Working data START

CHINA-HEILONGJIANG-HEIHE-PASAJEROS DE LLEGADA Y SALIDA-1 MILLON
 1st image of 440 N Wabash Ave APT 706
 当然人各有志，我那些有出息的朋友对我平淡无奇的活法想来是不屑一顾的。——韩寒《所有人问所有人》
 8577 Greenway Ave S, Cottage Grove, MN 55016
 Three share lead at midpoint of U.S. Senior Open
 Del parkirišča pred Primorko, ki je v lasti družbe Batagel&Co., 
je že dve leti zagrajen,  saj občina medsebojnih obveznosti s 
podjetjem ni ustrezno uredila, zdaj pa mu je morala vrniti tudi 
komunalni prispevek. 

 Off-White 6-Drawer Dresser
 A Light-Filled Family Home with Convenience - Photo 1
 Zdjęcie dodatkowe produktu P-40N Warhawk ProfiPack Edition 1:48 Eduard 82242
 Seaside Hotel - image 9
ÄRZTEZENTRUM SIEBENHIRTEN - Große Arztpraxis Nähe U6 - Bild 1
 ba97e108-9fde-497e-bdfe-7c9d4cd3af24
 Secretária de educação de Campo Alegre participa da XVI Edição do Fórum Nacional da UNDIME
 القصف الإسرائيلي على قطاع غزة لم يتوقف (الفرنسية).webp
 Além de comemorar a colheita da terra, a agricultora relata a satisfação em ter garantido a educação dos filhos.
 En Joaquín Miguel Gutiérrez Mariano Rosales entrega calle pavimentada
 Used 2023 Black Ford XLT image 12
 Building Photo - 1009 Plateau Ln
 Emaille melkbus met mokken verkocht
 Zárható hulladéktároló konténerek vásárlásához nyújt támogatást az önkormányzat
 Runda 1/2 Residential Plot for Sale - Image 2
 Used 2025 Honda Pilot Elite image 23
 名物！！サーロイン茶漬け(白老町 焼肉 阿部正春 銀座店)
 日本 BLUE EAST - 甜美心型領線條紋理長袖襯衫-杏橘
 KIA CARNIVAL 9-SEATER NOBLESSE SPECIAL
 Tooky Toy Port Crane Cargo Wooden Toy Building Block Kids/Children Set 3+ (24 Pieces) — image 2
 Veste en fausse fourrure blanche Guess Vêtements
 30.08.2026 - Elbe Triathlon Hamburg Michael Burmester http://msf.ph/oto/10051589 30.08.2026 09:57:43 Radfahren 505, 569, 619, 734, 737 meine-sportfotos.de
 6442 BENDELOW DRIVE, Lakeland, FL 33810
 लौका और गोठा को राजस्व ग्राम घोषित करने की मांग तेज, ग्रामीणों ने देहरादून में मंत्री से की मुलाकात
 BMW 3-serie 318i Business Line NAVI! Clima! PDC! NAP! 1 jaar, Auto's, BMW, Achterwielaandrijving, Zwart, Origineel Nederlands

Working data END

Assigned task
Return word for word the lines above from the line with "8577 Greenway Ave S, Cottage Grove, MN 55016" to the line with "Seaside Hotel - image 9", including both and leaving out all others.

Response for this exercise
 8577 Greenway Ave S, Cottage Grove, MN 55016
 Three share lead at midpoint of U.S. Senior Open
 Del parkirišča pred Primorko, ki je v lasti družbe Batagel&Co., 
je že dve leti zagrajen,  saj občina medsebojnih obveznosti s 
podjetjem ni ustrezno uredila, zdaj pa mu je morala vrniti tudi 
komunalni prispevek. 

 Off-White 6-Drawer Dresser
 A Light-Filled Family Home with Convenience - Photo 1
 Zdjęcie dodatkowe produktu P-40N Warhawk ProfiPack Edition 1:48 Eduard 82242
 Seaside Hotel - image 9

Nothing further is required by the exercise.